Whamit!

The Weekly Newsletter of MIT Linguistics

Syntax Square 12/4 - Yadav Gowda (MIT)

Speaker: Yadav Gowda
Title: Clausal downstepping and extraposition
Date and Time: Tuesday, December 4, 1-2pm
Location: 32-D461
Abstract:

In this talk, I’ll argue for a surprising condition on the prosody of embedded CPs, which I’ll call Clausal Downstepping:

(1) Clausal Downstepping: All phonological material within a CP must be immediately downstepped with respect to the phonological material of the head which immediately projects over it.

Downstep is a cross-linguistically attested phenomenon in which high tones within a prosodic domain are lowered with respect to preceding high tones, triggered at specific points within an utterance. It has been well-established that in many languages, downstep has a strong connection to syntactic and prosodic structure. I’ll give a brief primer on the relevant prosodic background and show the varying ways that (1) is satisfied cross-linguistically.

Next, I’ll argue that (1), along with the inherently left-to-right nature of downstep, provides an explanation for the commonly attested phenomenon of clausal extraposition. Clausal extraposition, a phenomenon seen in many SOV (German, Hindi, Turkish, Persian) and VOS (Malagasy, Toba Batak) languages, involves clausal objects obligatorily appearing in a peripheral position (2) despite normal objects appearing in a non-peripheral position (3) .

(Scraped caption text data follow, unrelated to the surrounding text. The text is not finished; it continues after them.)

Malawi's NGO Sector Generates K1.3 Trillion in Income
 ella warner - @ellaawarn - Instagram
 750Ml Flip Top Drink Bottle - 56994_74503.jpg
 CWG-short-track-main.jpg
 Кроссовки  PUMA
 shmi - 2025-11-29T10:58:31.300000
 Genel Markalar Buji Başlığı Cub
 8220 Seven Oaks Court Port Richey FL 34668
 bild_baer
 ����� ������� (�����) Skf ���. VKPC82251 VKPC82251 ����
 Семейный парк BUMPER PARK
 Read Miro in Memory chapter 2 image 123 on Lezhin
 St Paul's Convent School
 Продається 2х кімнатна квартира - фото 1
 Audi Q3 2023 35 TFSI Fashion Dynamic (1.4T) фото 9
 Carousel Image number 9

(2) a. Frank hat mir erzählt [dass die Eintracht Meister wird]
          Frank has me told [that the Eintracht champion becomes]
          ‘Frank told me that Eintracht will become champions.’
      b. * Frank hat mir [dass die Eintracht Meister wird] erzählt
(3) a. Frank hat mir [die Wahrheit] erzählt.
          Frank has me [the truth] told
          ‘Frank told me the truth.’
      b. * Frank hat mir erzählt [die Wahrheit].

Furthermore, I’ll argue that (1) provides better empirical coverage of the surface distribution of CPs in these languages than previous prosodic, syntactic, and semantic accounts.